We also included a chat_history placeholder to pass parts of the conversation history to the LLM. By using only the most recent conversation turns, we maintain a manageable context size and prevent the LLM from being distracted by irrelevant information. The running state, represented by our knowledge base, ensures that relevant context from previous interactions is preserved and utilized for informed decision-making.

4. Running the Agent

In our example, we utilized Streamlit along with its session state feature. This approach allows us to maintain the agent's running state across various user interactions. Note that the implementation details differ depending on the framework you choose.

main.py

from typing import Literal

import streamlit as st
from langchain_community.chat_message_histories import ChatMessageHistory
from langchain_core.messages import AIMessage
from langchain_example.agent.core import agent_executor
from langchain_example.agent.memory import KnowledgeBase, update_knowledge_chain
from langchain_example.settings import settings


def initailize_session() -> None:
    if "history" not in st.session_state:
        st.session_state.history = ChatMessageHistory()
    if "knowledge_base" not in st.session_state:
        st.session_state.knowledge_base = KnowledgeBase()
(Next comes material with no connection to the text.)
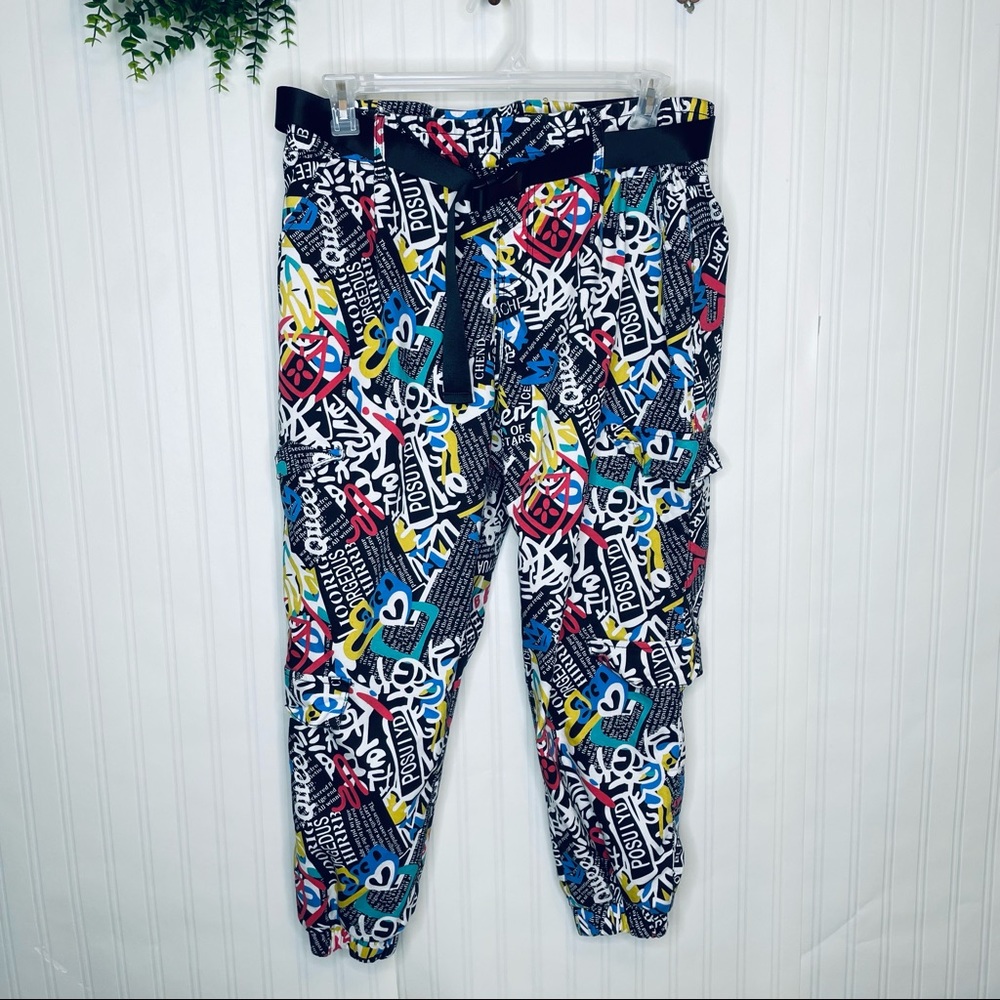 V.I.P. Graffiti MC Hammer break dancing pants with removable belt size 17/18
def display_messages() -> None:
    ...


def display_and_append_message(role: Literal["assistant", "user"], content: str) -> None:
    ...


def chat() -> None:
    display_messages()
    if prompt := st.chat_input("How can I help you?"):
        display_and_append_message("user", prompt)

        # Invoke the agent to generate a response
        response = agent_executor.invoke(
            {
                "input": prompt,
                "chat_history": st.session_state.history.messages[-4:], # Only the last 4 messages
                "knowledge_base": st.session_state.knowledge_base,
            }
        )
        display_and_append_message("assistant", response["output"])

        # Update the knowledge base
        st.session_state.knowledge_base = update_knowledge_chain.invoke(
            {
                "knowledge_base": st.session_state.knowledge_base,
                "input": prompt,
                "output": response["output"],
            }
        )


def main() -> None:
    st.set_page_config(page_title=settings.app_name, page_icon="🤖")
    st.title(settings.app_name)
    initailize_session()
    chat()

We initialize the session state with the chat history and the knowledge base. We use an empty ChatMessageHistory object to store the conversation history and an empty KnowledgeBase object to maintain the running state. In your application, you may want to persist the chat history by storing it in a database for long-term retention. Additionally, you might want to pre-populate the knowledge base with initial information, such as the user's name from your authorization system.

We have omitted the display functions as they are not relevant to the running state concept. The chat function serves as the main entry point for the conversation. It displays the chat history, prompts the user for input, and calls the agent to generate a response. The response is then shown to the user, and the knowledge base is updated with the latest input and output. Since the agent is invoked with the knowledge base from the session state, it will always operate on the most recent version of the running state.

Conclusion

In this post, we explored the concept of running state as a method for managing the short-term memory of AI agents. By maintaining a concise and structured representation of the conversation context, agents can make informed decisions without retaining superfluous details. We covered the essential steps for implementing running state, which include defining the knowledge base, updating it with an additional internal chain, and integrating it into the agent's context.

If you are interested in learning more about this concept, we recommend NVIDIA's course Building RAG Agents with LLMs.